What NOT to do when you’re feeling angry
There are some people who recommend venting the emotion when you feel angry. For example, some people like to punch cushions while thinking about the person who angered them; others prefer to find a place where they won’t be observed in which they can shout and scream. The idea is that it’s carthartic to release or get anger out.

However, research conducted by Iowa State University investigator Brad Bushman disputes that theory. In a now-famous experiment, Bushman found that people who vented their anger by hitting a punching bag actually felt more angry and went on to behave more aggressively, too.

So don’t vent!

What to do when you’re feeling angry
Further studies have shown that people sometimes continue to feel angry because they engage in a mental process called rumination – or thinking repeatedly about the person or incident that caused the emotion in the first place.

Sometimes, this may happen without you wanting for it to happen. You may find yourself dwelling on the situation. Or perhaps you want to think back to the incident in order to learn from it so you can avoid it or deal with it more effectively in the future. Thankfully, research tells us how to dampen down anger.

In one study, researchers led by Rebecca Ray at Stanford University invited participants to relive an angry experience in one of two ways.

Some of the participants were asked to “think about [the event] from your own perspective, and turn it over and over in your mind. Focus on those things that initially made you feel and respond the way that you did.” In other words, they were asked to relive the experience.

Other participants were asked to think about the event from a different perspective – “you might try to see this event from the perspective of an impartial observer.”
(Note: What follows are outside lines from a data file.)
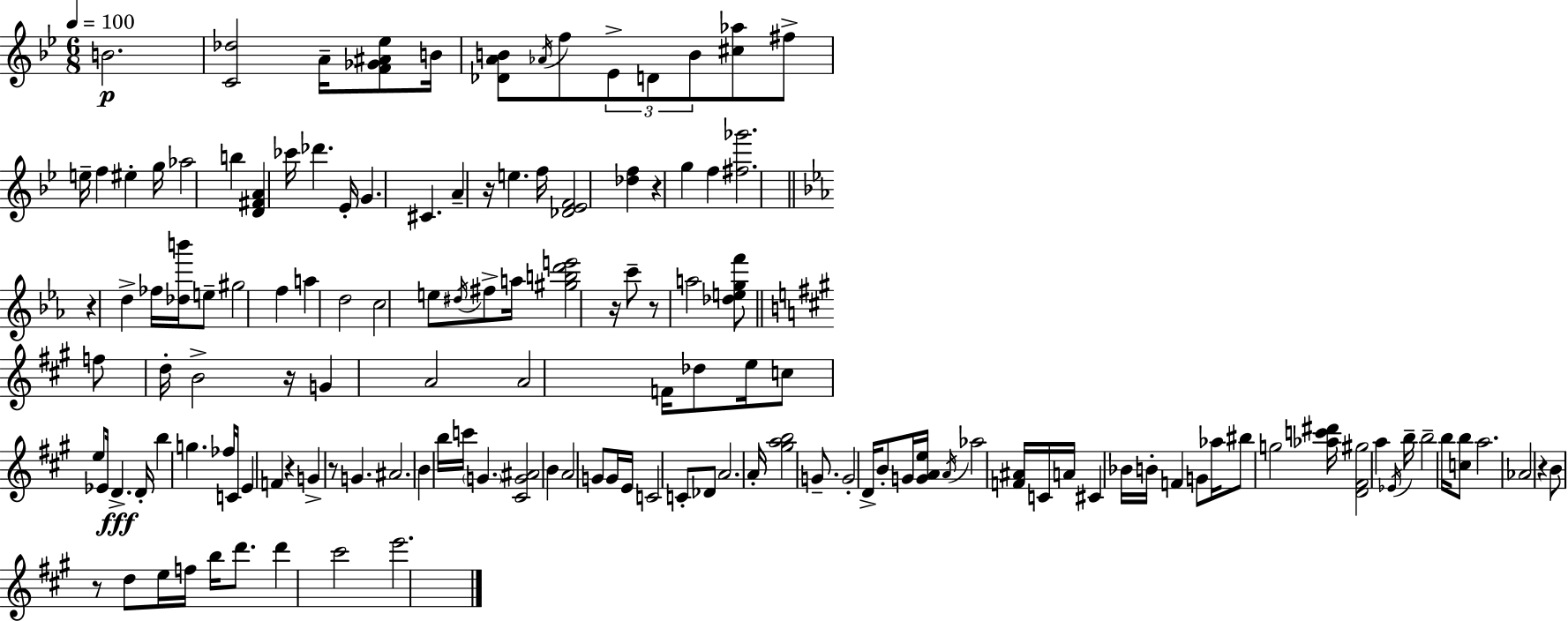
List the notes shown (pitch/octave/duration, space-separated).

B4/h. [C4,Db5]/h A4/s [F4,Gb4,A#4,Eb5]/e B4/s [Db4,A4,B4]/e Ab4/s F5/e Eb4/e D4/e B4/e [C#5,Ab5]/e F#5/e E5/s F5/q EIS5/q G5/s Ab5/h B5/q [D4,F#4,A4]/q CES6/s Db6/q. Eb4/s G4/q. C#4/q. A4/q R/s E5/q. F5/s [Db4,Eb4,F4]/h [Db5,F5]/q R/q G5/q F5/q [F#5,Gb6]/h. R/q D5/q FES5/s [Db5,B6]/s E5/e G#5/h F5/q A5/q D5/h C5/h E5/e D#5/s F#5/e A5/s [G#5,B5,D6,E6]/h R/s C6/e R/e A5/h [Db5,E5,G5,F6]/e F5/e D5/s B4/h R/s G4/q A4/h A4/h F4/s Db5/e E5/s C5/e E5/e Eb4/s D4/q. D4/s B5/q G5/q. FES5/s C4/s E4/q F4/q R/q G4/q R/e G4/q. A#4/h. B4/q B5/s C6/s G4/q. [C#4,G4,A#4]/h B4/q A4/h G4/e G4/s E4/s C4/h C4/e Db4/e A4/h. A4/s [G#5,A5,B5]/h G4/e. G4/h D4/s B4/e G4/s [G4,A4,E5]/s A4/s Ab5/h [F4,A#4]/s C4/s A4/s C#4/q Bb4/s B4/s F4/q G4/e Ab5/s BIS5/e G5/h [Ab5,C6,D#6]/s [D4,F#4,G#5]/h A5/q Eb4/s B5/s B5/h B5/s [C5,B5]/e A5/h. Ab4/h R/q B4/e R/e D5/e E5/s F5/s B5/s D6/e. D6/q C#6/h E6/h.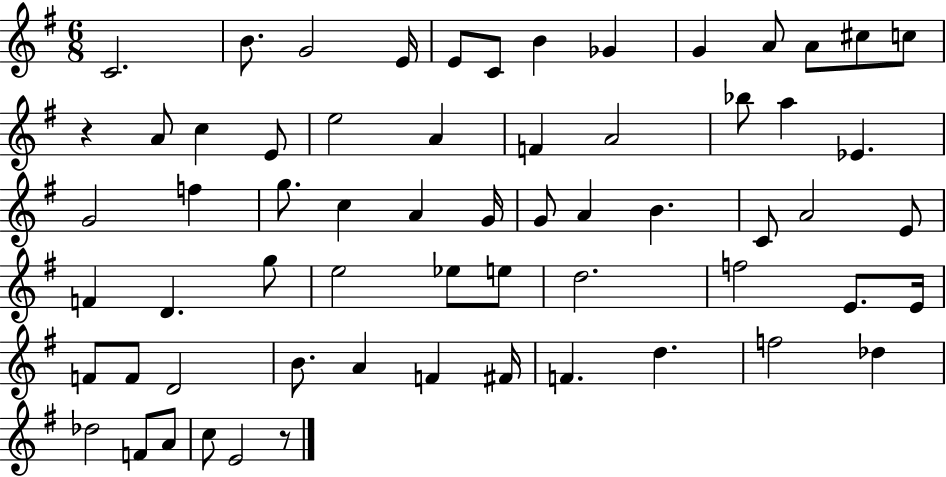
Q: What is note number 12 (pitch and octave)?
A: C#5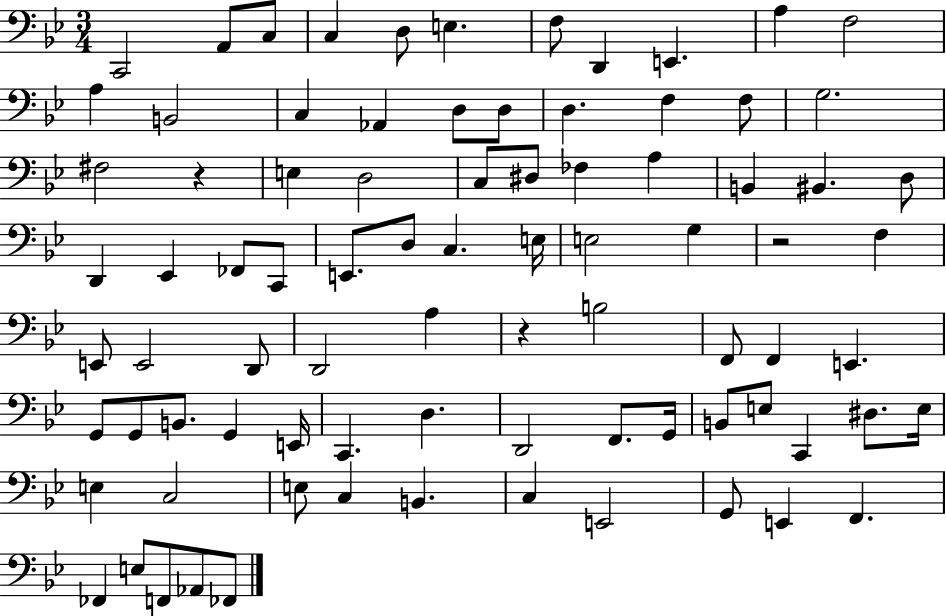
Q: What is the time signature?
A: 3/4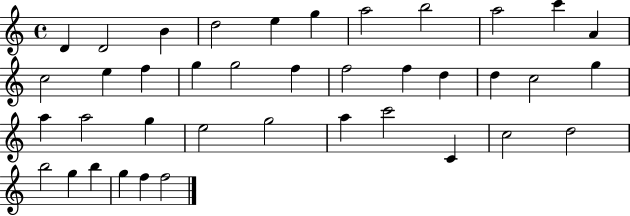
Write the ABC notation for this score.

X:1
T:Untitled
M:4/4
L:1/4
K:C
D D2 B d2 e g a2 b2 a2 c' A c2 e f g g2 f f2 f d d c2 g a a2 g e2 g2 a c'2 C c2 d2 b2 g b g f f2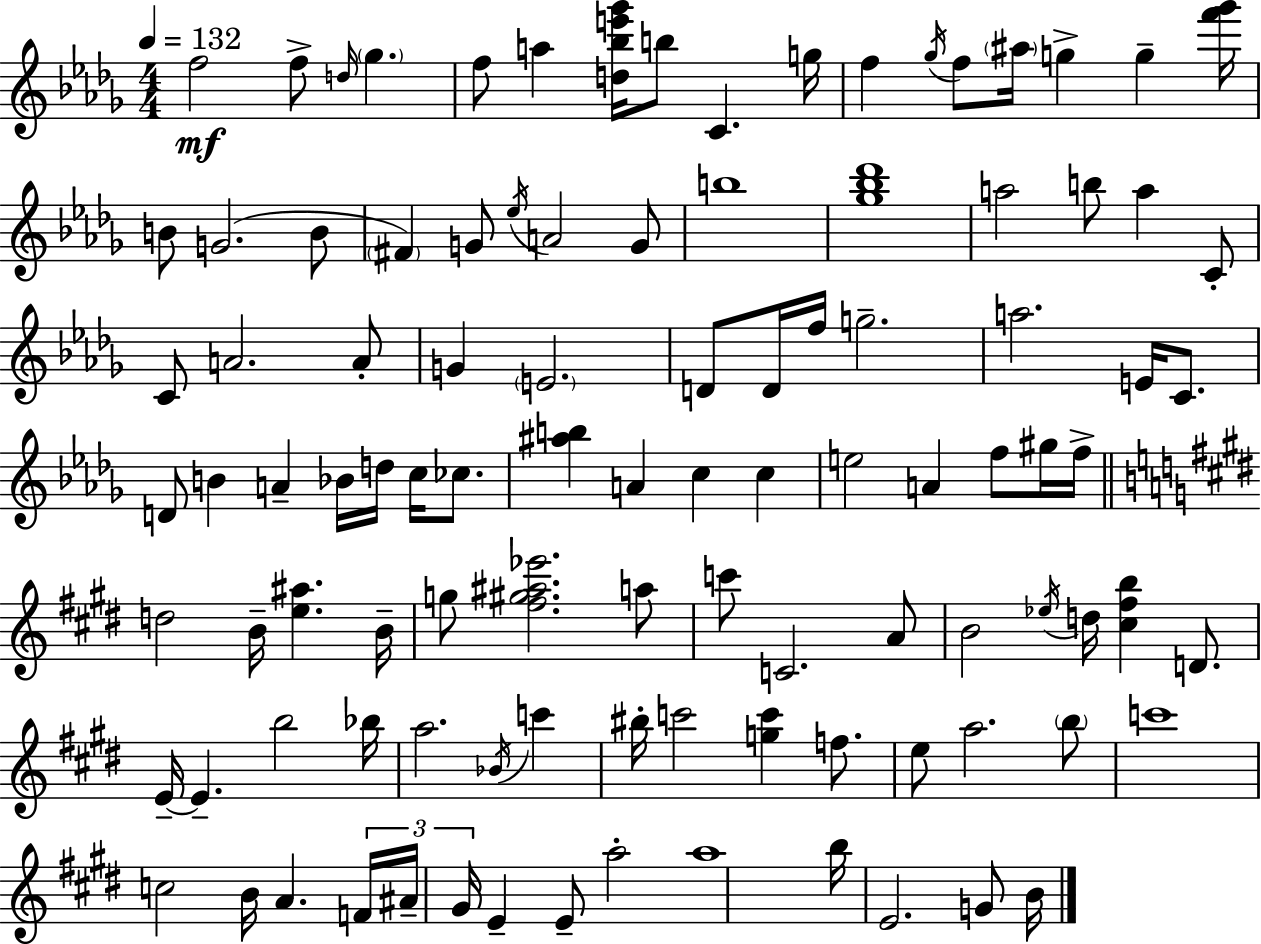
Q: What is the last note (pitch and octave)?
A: B4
When the researchers asked the participants how angry they felt, they spotted a clear difference. Participants in the second group who had been invited to see the event “from the perspective of an impartial observer” felt significantly less angry. And this way of thinking is called reappraisal – choosing deliberately to appraise or think about a situation from a different perspective.

So if you want to control your emotions more effectively, try reappraising situations. If someone has angered you, try to look back on the incident in a different way.

Don’t just think of you as having been right and the other person as completely wrong. Imagine what a completely neutral third-party might say about what happened. Do this and the science says that you should help yourself to feel less angry more quickly.